In the early 13th century, a family that had been stewards to the Earls of Chester rose to prominence. Hugh le Despenser (died 1238) became High Sheriff of Berkshire, and his son, Hugh became Justiciar of England and was summoned in 1264 to the Parliament of Simon de Montfort as Lord Despencer. His son also named Hugh was created Earl of Winchester, while a descendant was made Earl of Gloucester. The family experienced a number of attainders, restorations, and creations of new lordships over the 13th and 14th centuries, with a claim to the last creation passing by marriage to the Wentworth family in the 15th century. The initial establishment was brought out of abeyance in favour of a female-line descendant in 1604, from which time the title of Baron le Despencer has descended to the current Viscount Falmouth.

===Spencer aristocracy===

Arms of Sir John Spencer of Wormleighton and Althorp, adopted c. 1595

The English aristocratic Spencer family has resided at their ancestral home at Althorp, Northamptonshire, since the early 16th century. The Estate now covers 14000 acre in Northamptonshire, Warwickshire and Norfolk. From pre-Tudor times the Spencers had been farmers, coming to prominence in Warwickshire in the 15th century when John Spencer became feoffee of Wormleighton in 1469, and a tenant at Althorp in 1486. His nephew, another John, used the gains from trade in livestock and commodities to buy both properties. He was knighted in 1504 and died in 1522. John's descendants expanded the family holdings through business dealings and marriage into the peerage. The family is related through marriage to the Churchills of Blenheim Palace, a line that included the Dukes of Marlborough and Winston Churchill. From the Althorp line came the Earls of Sunderland, the later Dukes of Marlborough, and the Earls Spencer. The family captured international attention when Lady Diana Frances Spencer married Prince Charles on 29 July 1981, until her death in a car crash in Paris on 31 August 1997.

===Heraldry===
The varied origins of people with the Spencer and Despenser surnames means that they are not all members of the same family, and each individual family would have distinct coats of arms, while most Spencers are not entitled to bear any arms. The family of the King's Dispensers bore an ermine shield with chief of unknown tincture. The Lords Despencer bore arms from the early days of heraldry, which are one of a family of quarterly arms seen among the vassals of the Earls of Chester. Scholars have suggested a possible derivation from those of the Dutton family, or from the family of their one-time feudal overlords, Beauchamp of Bedford, whose own arms belonged to a shared group of similar bearings among Mandeville and Vere family vassals and descendants. They are described in the language of heraldry as quarterly: 1st & 4th, Argent; 2nd & 3rd, Gules a fret or, over all a bend sable. In 1504, John Spencer of Althorp was granted for himself and his brother the arms: azure, a fess ermine between six sea-mews' heads erased argent, and in 1564 a descendant of his uncle was granted: sable, on a fess or, between 3 bezants, as many lions heads of the first. As the end of the century approached, however, the family's growing social status would lead them to adopt a forged pedigree that gave them an ancient derivation, and they began using new arms that represented a claimed kinship with the (actually entirely unrelated) Lords Despencer, modifying the earlier family's quarterly arms by the addition of three escallops (scallop shells). Numerous variations of this differenced coat, along with various Spencer arms bearing no resemblance to those of the Lords le Despenser, have been catalogued.

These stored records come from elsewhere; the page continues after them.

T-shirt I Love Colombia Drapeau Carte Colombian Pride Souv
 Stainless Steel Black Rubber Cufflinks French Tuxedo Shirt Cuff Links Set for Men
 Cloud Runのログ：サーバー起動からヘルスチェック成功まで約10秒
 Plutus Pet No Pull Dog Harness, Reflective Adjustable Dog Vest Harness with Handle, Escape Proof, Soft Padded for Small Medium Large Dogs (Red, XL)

==Distribution and spread==
The greatest density of Spencers in present-day England is in Nottinghamshire, followed by Derbyshire. Derby and Notts were closely connected at the time of Domesday, and up until the time of Elizabeth I had the same Sheriff.

In North America early settlement of Spencers date to Thomas Spencer in Virginia in 1623; William Spencer, Cambridge, Massachusetts in 1630; Thomas Spencer, Maine 1630. Col. Nicholas Spencer arrived in Virginia in the 1650s and subsequently served as Acting Governor.

Spencers arriving in Australia with the convicts of the First Fleet in 1788 were Daniel Spencer from Dorchester, John Spencer, and Mary Spence from Wigan. With the Third Fleet in 1791 came John Spencer from Lancaster and Thomas Spencer from London.

==See also==
- Spencer's (disambiguation)
- Spence (surname)
- Spens (disambiguation)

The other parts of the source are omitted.